I still don't entirely understand why Kanye being a bonehead is any more of a "societal shame" than Axl Rose, or (fill in the pop star of your choice) being a bonehead.

And I also don't agree that 808's and Heartbreak was shitty. But I've made my case about that elsewhere.

drischord said...

Axl Rose's boneheaded-ness (since you mention him specifically) is of a different brand than Kanye's. When you read a dumb quote from Axl these days (and good luck finding any recent quote from him), it's almost invariably a rant against the music industry or Slash specifically. Axl sounds paranoid and vindictive, but that's about all.

The Kanye quote is defiantly anti-intellectual and emblematic of this era in American history, when entire swaths of the population disqualify themselves from higher achievement simply because it isn't cool to be studious or intellectually engaged. And those kids look up to Kanye. No one looks up to Axl Rose at this point. He's too old and too reclusive.

When Axl was at his worst in the early '90s, his issue was mostly misogyny and even that was mild compared to some of the shit you hear in lyrics today. But the issue there is that misogyny, while a legitimate problem, wasn't/isn't a generational epidemic the way that anti-intellectualism is today.

Axl's other biggest vice was basic selfishness, manifesting in the form of walking off stage 3 songs into a set and inciting riots. This was obviously shameful behavior, but it wasn't inspiring legions of teenagers to walk off the stage at their own arena rock shows.

drischord said...

And since we're comparing a black artist with a white one, let me just add that in no way do I feel anti-intellectualism is purely a black problem. Yeah, there are probably more black kids than white kids flunking high school literacy tests at the present moment, but it's white America that brought us George W. Bush and Sarah Palin, anti-intellectualism at its most dangerous.

And all the races watch American Idol.

texplush said...

damn. well put, drischord.
Q, your ball.

Quinapalus said...

Ahem:

1. Kanye has always had an anti-intellectual streak, and it's always bothered me a bit. I have to assume you've noticed it before as well. I'd even argue that if anti-intellectualism is going to be a deal breaker for you, you'd be better off railing against the form which it takes in The College Dropout. He makes a much more plausible sounding case on that album when he says that college isn't worthwhile and won't make you any money, than he does saying something as blatantly knuckleheaded as "I am not a fan of books." A quote like that pushes him so far into cartoon territory that it's a little like listening to Eminem talk about killing his wife one more time: it's repugnant, but it's so hard to take seriously it doesn't really get me riled up.

2. What is your evidence that we are living in an age particularly plagued by anti-intellectualism? If we try to measure it by looking at higher education (an area you specifically cite) a quick google search will tell you that the percentage of Americans with a college degree has been going steadily up for decades. And specifically for African Americans (the group of kids I assume are most likely to be looking up to Kanye) the percentage of adults with college degrees has more than doubled in the past 20 years. So I don't see where you're getting the idea that "wide swaths" of Americans disqualify themselves from higher achievement because it's not cool. At the very least, the swaths which are doing that are probably less wide now than they've ever been.

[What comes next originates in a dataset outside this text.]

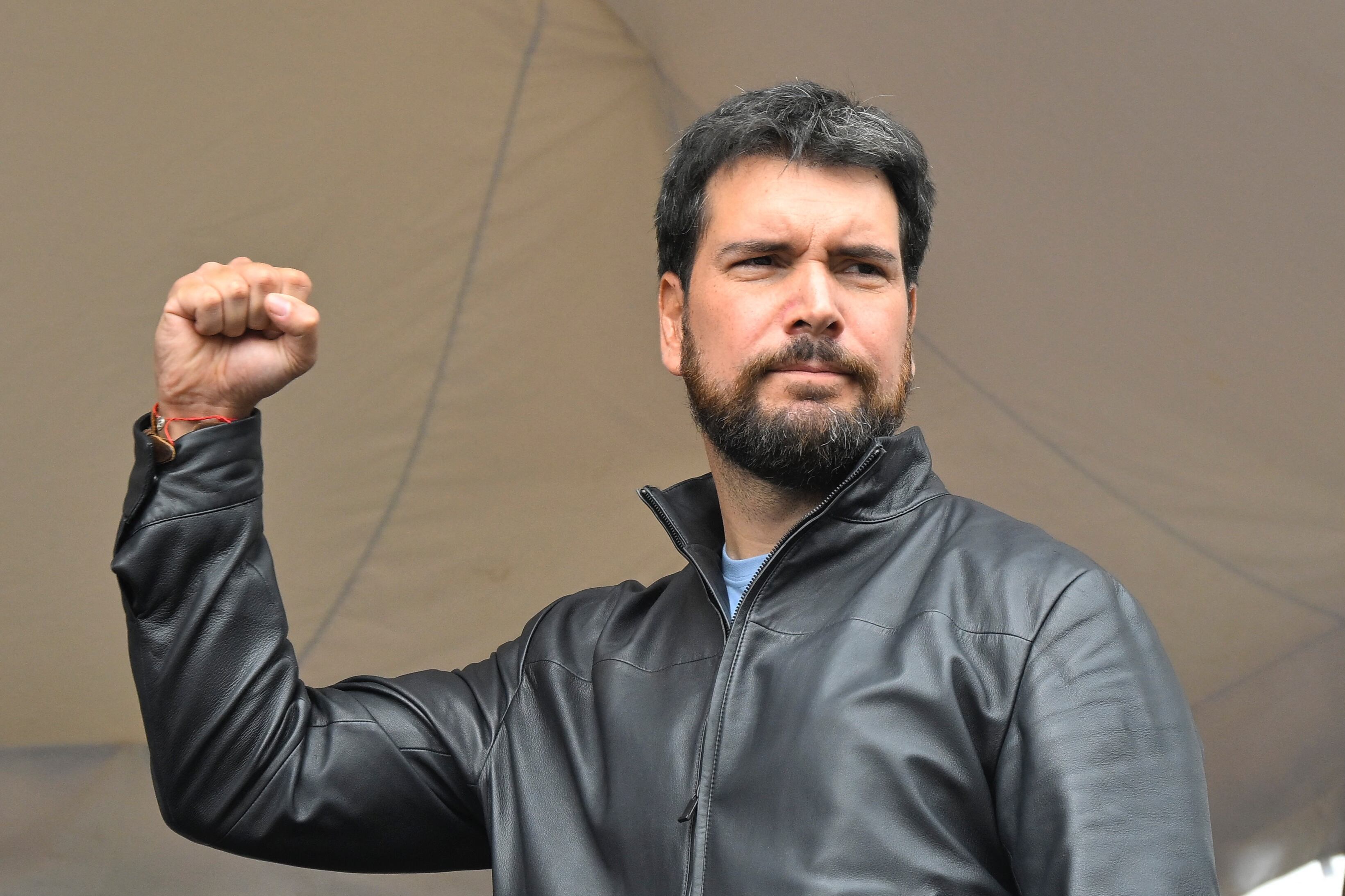 El candidato presidencial ecuatoriano, Jan Topic, saluda a sus partidarios durante una visita a un barrio en el sur de Quito, el 24 de junio de 2023. El presidente de Ecuador, Guillermo Lasso, convocó elecciones anticipadas para el 20 de agosto después de disolver el Congreso en mayo para evitar un juicio político por supuestamente permitir la corrupción en empresas estatales. (Foto de Rodrigo BUENDIA / AFP)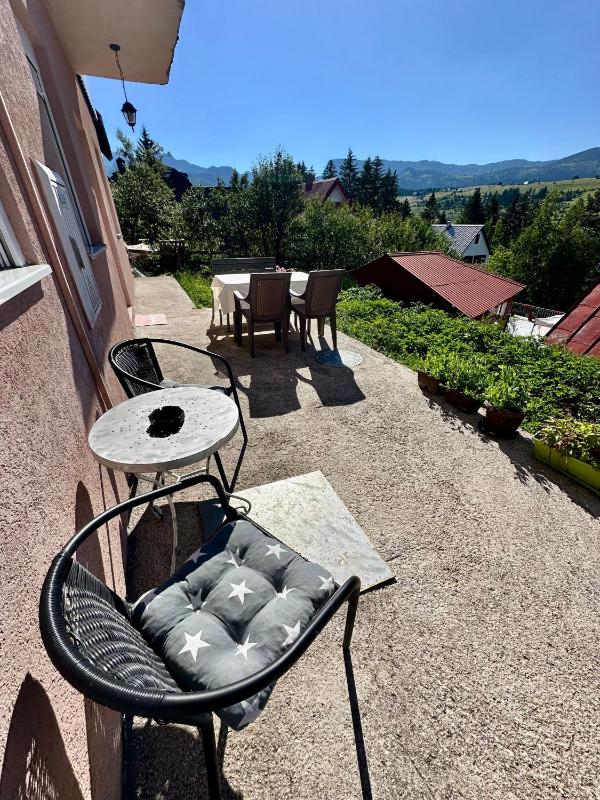 Apartment with Mountain View image 2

3. There have always been people who looked down on learning, and especially on higher education. A lot of them went to my high school. A lot of them felt that way I believe partly as a defense mechanism, because they didn't believe themselves capable of doing well in college (and I'm pretty sure at least a couple of the goons from my high school would have been right about that). There have also always been people who looked down on higher education out of a sense of working-class pride, and a sense that there was plenty they understood about life that could NOT be learned in a book, or in the halls of a university. Pick up Chaucer's "The Reeve's Tale" and read about the miller who wanted to show up those snooty college kids by cheating them out of the wheat they paid for. Reflexive anti-intellectualism is probably as old as the very idea of education itself, and it's a conflict that I, as a haplessly snooty intellectual, will always be on one side of. I do believe, however, that it's possible to be a bonehead who doesn't like books, and still make good music. And if you want to boycott Kanye from now on then you can be my guest...but it's not going to stop the march of anti-intellectualism any more than boycotting Axl Rose is going to stop the march of boozing, drugging, and misogyny.

Quinapalus said...

OK, and one more thing: Is American Idol really destroying America? Really? I don't personally like it, but plenty of very intelligent and well-read people do. Is it really demonstrably stupider than past forms of entertainment? In Shakespeare's day bear-baiting was still widespread, and sometimes even conducted right in the theater district. But he still managed to write some good plays, even with role models like the bear-baiters.

drischord said...

We're not going to get into an ad hominem debate. You asked for facts, so now it's my responsibility to provide them. (Click on embedded links for my sources):

1. The National Endowment for the Arts commissioned a study on the reading habits of American teenagers in 2004 compared to 1984. The results? Declines across the board in everything from percentage of students who read for pleasure to overall literacy.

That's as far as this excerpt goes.